Top of Records provided

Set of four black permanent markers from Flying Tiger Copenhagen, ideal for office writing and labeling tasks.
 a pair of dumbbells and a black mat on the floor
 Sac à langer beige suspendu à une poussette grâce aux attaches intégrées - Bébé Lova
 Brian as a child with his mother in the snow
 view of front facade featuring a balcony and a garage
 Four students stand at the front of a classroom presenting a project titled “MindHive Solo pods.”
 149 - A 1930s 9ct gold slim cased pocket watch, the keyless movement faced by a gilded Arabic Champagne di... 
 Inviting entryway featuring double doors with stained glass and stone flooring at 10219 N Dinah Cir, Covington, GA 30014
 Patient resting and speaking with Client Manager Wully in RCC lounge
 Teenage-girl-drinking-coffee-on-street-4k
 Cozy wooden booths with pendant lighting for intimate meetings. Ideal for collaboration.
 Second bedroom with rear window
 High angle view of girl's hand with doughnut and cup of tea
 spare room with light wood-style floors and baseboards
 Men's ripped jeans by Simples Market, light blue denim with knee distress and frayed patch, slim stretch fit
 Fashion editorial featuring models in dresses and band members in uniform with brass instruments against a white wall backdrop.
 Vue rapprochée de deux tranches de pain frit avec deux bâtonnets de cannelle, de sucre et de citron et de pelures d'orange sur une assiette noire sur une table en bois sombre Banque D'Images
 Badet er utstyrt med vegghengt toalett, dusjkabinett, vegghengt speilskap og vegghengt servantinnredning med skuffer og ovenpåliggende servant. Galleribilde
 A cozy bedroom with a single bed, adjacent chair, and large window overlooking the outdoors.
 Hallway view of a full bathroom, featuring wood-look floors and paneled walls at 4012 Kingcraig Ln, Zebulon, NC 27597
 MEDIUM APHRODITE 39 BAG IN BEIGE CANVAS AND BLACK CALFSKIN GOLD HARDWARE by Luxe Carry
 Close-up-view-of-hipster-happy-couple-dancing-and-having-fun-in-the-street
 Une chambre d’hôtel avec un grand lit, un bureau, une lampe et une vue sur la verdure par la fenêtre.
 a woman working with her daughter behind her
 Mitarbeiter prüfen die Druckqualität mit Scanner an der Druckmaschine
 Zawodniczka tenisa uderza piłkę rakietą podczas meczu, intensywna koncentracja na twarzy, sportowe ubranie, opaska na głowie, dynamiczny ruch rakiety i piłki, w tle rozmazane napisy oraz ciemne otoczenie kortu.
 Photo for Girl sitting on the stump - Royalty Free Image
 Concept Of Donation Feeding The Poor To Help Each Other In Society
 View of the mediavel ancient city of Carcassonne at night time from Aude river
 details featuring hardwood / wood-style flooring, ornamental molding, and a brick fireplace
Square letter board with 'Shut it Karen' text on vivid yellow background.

Bottom of Records provided

#### Directions
The material should be transcribed in full, character for character.

#### Answer to the exercise
Set of four black permanent markers from Flying Tiger Copenhagen, ideal for office writing and labeling tasks.
 a pair of dumbbells and a black mat on the floor
 Sac à langer beige suspendu à une poussette grâce aux attaches intégrées - Bébé Lova
 Brian as a child with his mother in the snow
 view of front facade featuring a balcony and a garage
 Four students stand at the front of a classroom presenting a project titled “MindHive Solo pods.”
 149 - A 1930s 9ct gold slim cased pocket watch, the keyless movement faced by a gilded Arabic Champagne di... 
 Inviting entryway featuring double doors with stained glass and stone flooring at 10219 N Dinah Cir, Covington, GA 30014
 Patient resting and speaking with Client Manager Wully in RCC lounge
 Teenage-girl-drinking-coffee-on-street-4k
 Cozy wooden booths with pendant lighting for intimate meetings. Ideal for collaboration.
 Second bedroom with rear window
 High angle view of girl's hand with doughnut and cup of tea
 spare room with light wood-style floors and baseboards
 Men's ripped jeans by Simples Market, light blue denim with knee distress and frayed patch, slim stretch fit
 Fashion editorial featuring models in dresses and band members in uniform with brass instruments against a white wall backdrop.
 Vue rapprochée de deux tranches de pain frit avec deux bâtonnets de cannelle, de sucre et de citron et de pelures d'orange sur une assiette noire sur une table en bois sombre Banque D'Images
 Badet er utstyrt med vegghengt toalett, dusjkabinett, vegghengt speilskap og vegghengt servantinnredning med skuffer og ovenpåliggende servant. Galleribilde
 A cozy bedroom with a single bed, adjacent chair, and large window overlooking the outdoors.
 Hallway view of a full bathroom, featuring wood-look floors and paneled walls at 4012 Kingcraig Ln, Zebulon, NC 27597
 MEDIUM APHRODITE 39 BAG IN BEIGE CANVAS AND BLACK CALFSKIN GOLD HARDWARE by Luxe Carry
 Close-up-view-of-hipster-happy-couple-dancing-and-having-fun-in-the-street
 Une chambre d’hôtel avec un grand lit, un bureau, une lampe et une vue sur la verdure par la fenêtre.
 a woman working with her daughter behind her
 Mitarbeiter prüfen die Druckqualität mit Scanner an der Druckmaschine
 Zawodniczka tenisa uderza piłkę rakietą podczas meczu, intensywna koncentracja na twarzy, sportowe ubranie, opaska na głowie, dynamiczny ruch rakiety i piłki, w tle rozmazane napisy oraz ciemne otoczenie kortu.
 Photo for Girl sitting on the stump - Royalty Free Image
 Concept Of Donation Feeding The Poor To Help Each Other In Society
 View of the mediavel ancient city of Carcassonne at night time from Aude river
 details featuring hardwood / wood-style flooring, ornamental molding, and a brick fireplace
Square letter board with 'Shut it Karen' text on vivid yellow background.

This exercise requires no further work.